Problem Set 1

(1) When you roll a fair die 3 times, how many possible outcomes are there?

Given that each trial of rolling the dice can produce 6 possible outcomes (1 to 6), the number of outcomes is equal to \(6^n\), where \(n\) is the number of “rolls”. Given 3 rolls, the number of combinations would be equal to \(6^3 = 216\).

(2) What is the probability of getting a sum total of 3 when you roll a die two times?

To get a sum of 3 when rolling 3 die, all 3 die would need to be 1. Therefore, only 1 out of 216 combinations (all being equally probable during any given 3 roll trial). Thus, the probability would be \(\frac{1}{216} = 0.0046\).

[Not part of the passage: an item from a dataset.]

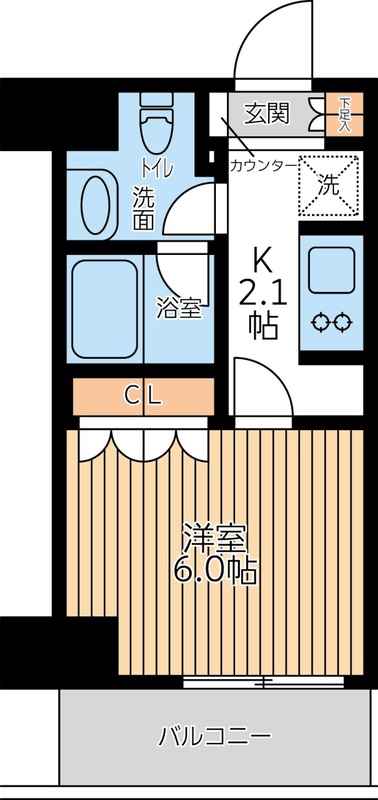 【横浜市西区中央のマンションの間取り】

(3) Assume a room of 25 strangers. What is the probability that two of them have the same birthday? Assume that all birthdays are equally likely and equal to 1/365 each. What happens to this probability when there are 50 people in the room?

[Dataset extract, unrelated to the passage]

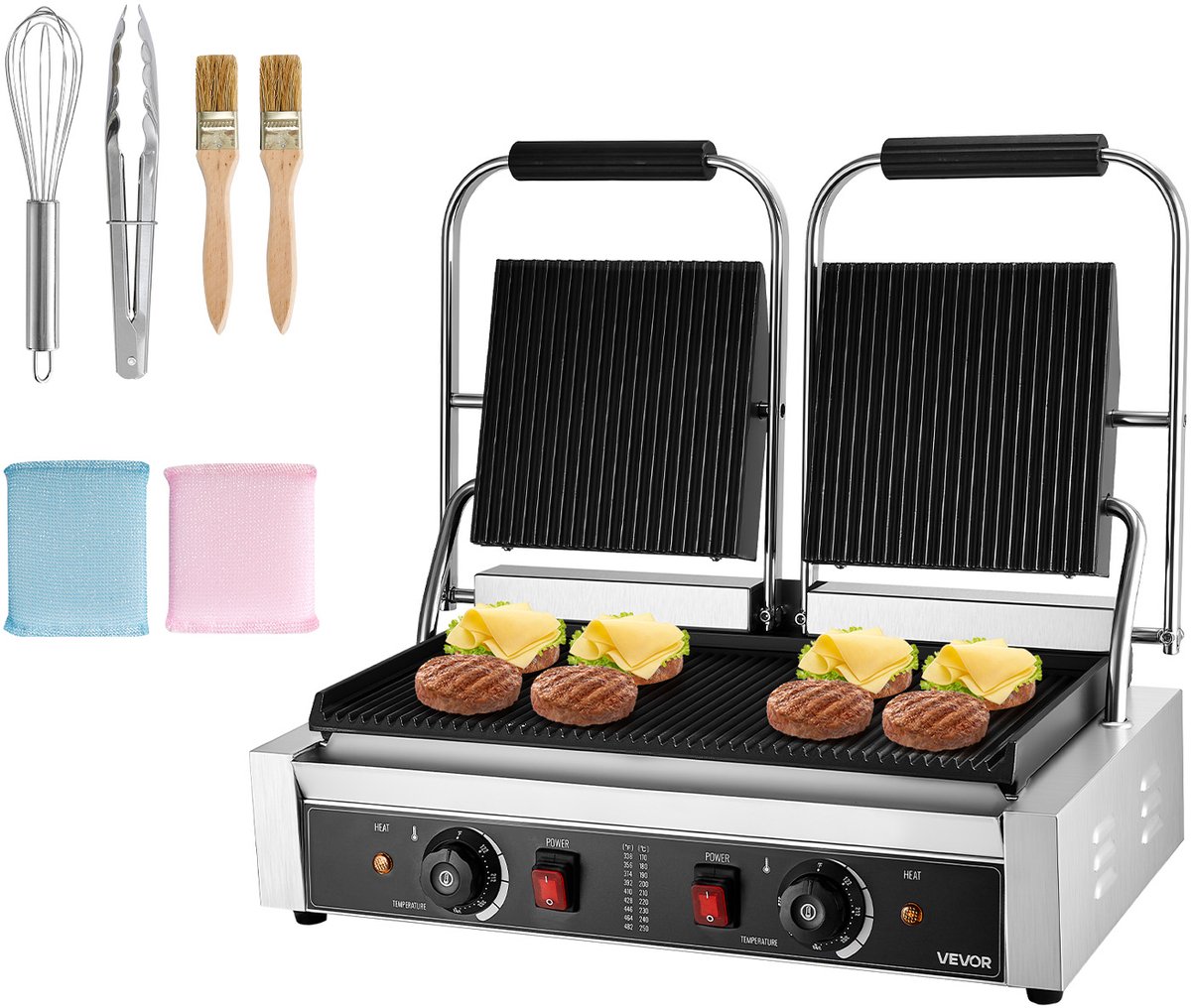 VEVOR Contact Grill Elektrische Grill Sandwich Maker Panini Pers 48x23cm Gegroefd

NOTE: I borrowed the methodology from Dr. Anthony at the Math Forum here

There are \(365^n\) combinations (in our first case, \(n\) = 25) of birthday possibilities. There are \(\binom{n}{k}\) ways to choose the two individuals who will share the same birthday (again, in our case, k will equal 2). The probability of a given individual have any birthday is \(= \frac{365}{365}\). The probability of another individual having the same birthday is \(\frac{1}{365}\). All of the other individuals must have different birthdays restricted to the remaining 364 days of the year. Therefore, they have \(\binom{n}{k}\frac{365!}{(365 - n + k - 1)!}\) possible birthdays combinations out of the total \(365^n\). The probability would be:

\[bday(n,k|n >= k) \rightarrow\binom{n}{k}\frac{365!}{(365 - n + k - 1)!}\times\frac{1}{365^n}\]

bday <- function(n, k) {
    return(nchoosek(n,k) * prod(seq(from  = 365 - n + k, to = 365)) * 1/(365^n))
}

p <- seq(2,100)
bday_df <- data.frame(people = p, probability = sapply(p,bday, k = 2))

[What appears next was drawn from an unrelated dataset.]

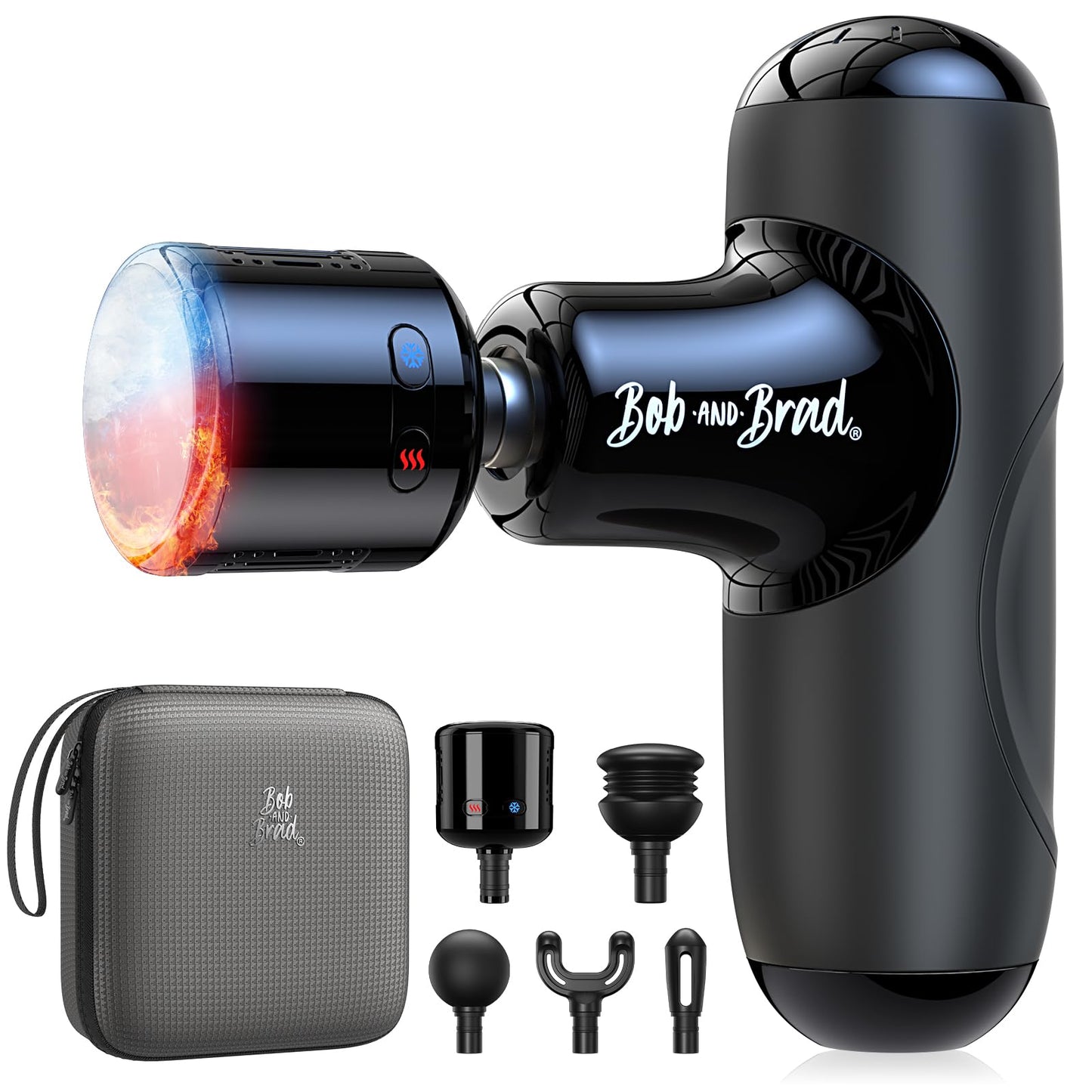 BOB AND BRAD Q2 Pro Mini Massage Gun with Heat and Cold Head,Pocket-Sized Deep Tissue Massager Gun,Portable Percussion Muscle Massager Gun, Ultra Small&Quiet Muscle Massage Gun - My Store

The probability of only 2 people sharing a birthday in a room of 25 people would be \(\binom{25}{2}\frac{365!}{(365 - 25 + 2 - 1)!}\times\frac{1}{365^{25}} = 0.3794\). For a room of 50 random people the probability would drop to \(0.1148\). This drop is due to the unlikelihood of only 2 people sharing a birthday as the people in the room increases. A plot of probability ranging from 2 people in the room up to 100 people in the room is plotted below. The probability of only 2 people sharing a birthday is highest with 28 people in the room , which is 0.3864.

plot(bday_df$probability ~ bday_df$people)

Problem 2

Part 1 - Find the probability for each word occuring in the document

#***---User Defined Variables---***
txt_url <- "https://raw.githubusercontent.com/Liam-O/Data_605/master/Wk6/assign6.sample.txt"

doc <- Corpus(URISource(txt_url, encoding = "UTF-8"))

w1 <- "she"
w2 <- "said"
#***------***

#Function for for creating document statistics table, namely word probabilities
# and frequencies
get_word_stat <- function(doc) {
    #Clean text
    doc <- tm_map(doc, stripWhitespace)
    doc <- tm_map(doc, content_transformer(tolower))
    doc <- tm_map(doc, content_transformer(gsub),
                  pattern = intToUtf8(8217),
                  replace = "'")
    doc <- tm_map(doc, content_transformer(gsub),
                  pattern = "[^a-z ']",
                  replace = "")
    doc <- tm_map(doc, PlainTextDocument)
    
    dtm <- DocumentTermMatrix(doc)
    tdm <- TermDocumentMatrix(doc)
    
    freq <- sort(colSums(as.matrix(dtm)), decreasing = TRUE)
    
    return(data.frame(freq = freq, prob = round(freq/sum(freq), 4)))
}

w_stat <- get_word_stat(doc)

datatable(w_stat)

Part 2 - Find the joint probability of a word pair occuring in the document

word_prob <- function(w, w_stat) {
    return(ifelse(is.na(w_stat[w,2]),0,w_stat[w,2]))
}

word_freq <- function(w, w_stat) {
    return(ifelse(is.na(w_stat[w,1]),0,w_stat[w,1]))
}

#Function for calculating bigram probabilities
bigram_prob <- function(w1, w2, doc, w_stat = get_word_stat(doc)) {
    raw_txt <- unlist(lapply(doc, as.character), use.names = FALSE)
    raw_txt <- raw_txt[raw_txt != ""]
    raw_txt <- paste0(raw_txt, collapse = " | ")
    
    pair_list <- textcnt(raw_txt, n = 2L, method = "string", recursive = TRUE)
    
    return(ifelse(paste(w1, w2) %in% names(pair_list),
                  pair_list[[paste(w1, w2)]],0)/
               (ifelse(word_freq(w1,w_stat) != 0, word_freq(w1,w_stat), 1)))
}

# Variables defined for output below
w1_prob <- word_prob(w1, w_stat)
w2_prob <- word_prob(w2, w_stat)
w2_given_w1 <- bigram_prob(w1,w2, doc, w_stat)
w1_given_w2 <- bigram_prob(w2,w1, doc, w_stat)

Using the word pair, she and said, the joint probability of the pair occurring is:

\[P\left ( she, said \right ) = P\left ( she \right )P\left ( said|she \right ) = 0.0082\times0.4444 = 0.0036\]

If order doesn’t matter:

\[P\left ( she, said \cup said, she\right ) = P\left ( she \right )P\left ( said|she \right ) + P\left ( said \right )P\left ( she|said \right ) =\\0.0082\times0.4444 + 0.0199\times0.0455 = 0.0036+9\times 10^{-4} = 0.0045\]

The Time Magazine Corpus contains 106,418,475 words. Using the words “she” and “said” and assuming order matters. The respective counts are:

The probability would be: \[P\left ( she, said \right ) = P\left ( she \right )P\left ( said|she \right ) = \frac{155151}{106418475}\times\frac{3041}{155151} = 0.0015\times 0.0196 = 2.9\times 10^{-5}\]

This probability does not match our document because of the limited word count (1104) in our single document corpus and the limited combinations present. If one were to build a Natural Language Processing (NLP) predictor model, a large corpus, like that of Time magazine’s, would need to be used.